GOAL OF THE EXERCISE:
Wherever a line below holds the word "Neck", copy that line.

++++ RECORD EXTRACTS

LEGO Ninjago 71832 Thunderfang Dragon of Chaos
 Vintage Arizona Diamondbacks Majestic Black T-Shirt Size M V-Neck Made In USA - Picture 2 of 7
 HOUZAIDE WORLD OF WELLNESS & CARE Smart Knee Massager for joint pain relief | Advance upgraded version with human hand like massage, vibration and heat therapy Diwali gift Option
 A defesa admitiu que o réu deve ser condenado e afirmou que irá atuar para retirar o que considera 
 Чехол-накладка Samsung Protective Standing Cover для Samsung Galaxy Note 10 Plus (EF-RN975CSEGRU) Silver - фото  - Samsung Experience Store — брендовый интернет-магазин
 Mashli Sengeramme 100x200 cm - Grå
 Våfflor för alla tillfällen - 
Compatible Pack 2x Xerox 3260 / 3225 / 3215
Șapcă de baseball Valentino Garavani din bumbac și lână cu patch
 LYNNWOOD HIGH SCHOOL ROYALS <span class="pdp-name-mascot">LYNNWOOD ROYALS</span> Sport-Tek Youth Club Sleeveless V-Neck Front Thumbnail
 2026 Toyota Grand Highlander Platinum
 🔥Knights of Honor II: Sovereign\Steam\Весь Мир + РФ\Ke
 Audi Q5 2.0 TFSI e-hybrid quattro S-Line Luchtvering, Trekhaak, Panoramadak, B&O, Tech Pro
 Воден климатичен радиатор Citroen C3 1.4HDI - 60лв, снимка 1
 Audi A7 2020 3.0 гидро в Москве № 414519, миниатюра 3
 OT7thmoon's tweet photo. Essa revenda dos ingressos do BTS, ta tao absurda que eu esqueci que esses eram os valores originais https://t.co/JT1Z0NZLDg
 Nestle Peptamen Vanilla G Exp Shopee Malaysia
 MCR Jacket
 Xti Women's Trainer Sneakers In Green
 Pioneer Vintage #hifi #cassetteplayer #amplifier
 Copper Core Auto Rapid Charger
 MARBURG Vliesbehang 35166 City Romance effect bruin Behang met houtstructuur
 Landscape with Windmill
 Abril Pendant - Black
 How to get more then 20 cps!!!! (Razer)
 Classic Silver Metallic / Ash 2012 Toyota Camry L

++++++++

RESPONSE:
 Vintage Arizona Diamondbacks Majestic Black T-Shirt Size M V-Neck Made In USA - Picture 2 of 7
 LYNNWOOD HIGH SCHOOL ROYALS <span class="pdp-name-mascot">LYNNWOOD ROYALS</span> Sport-Tek Youth Club Sleeveless V-Neck Front Thumbnail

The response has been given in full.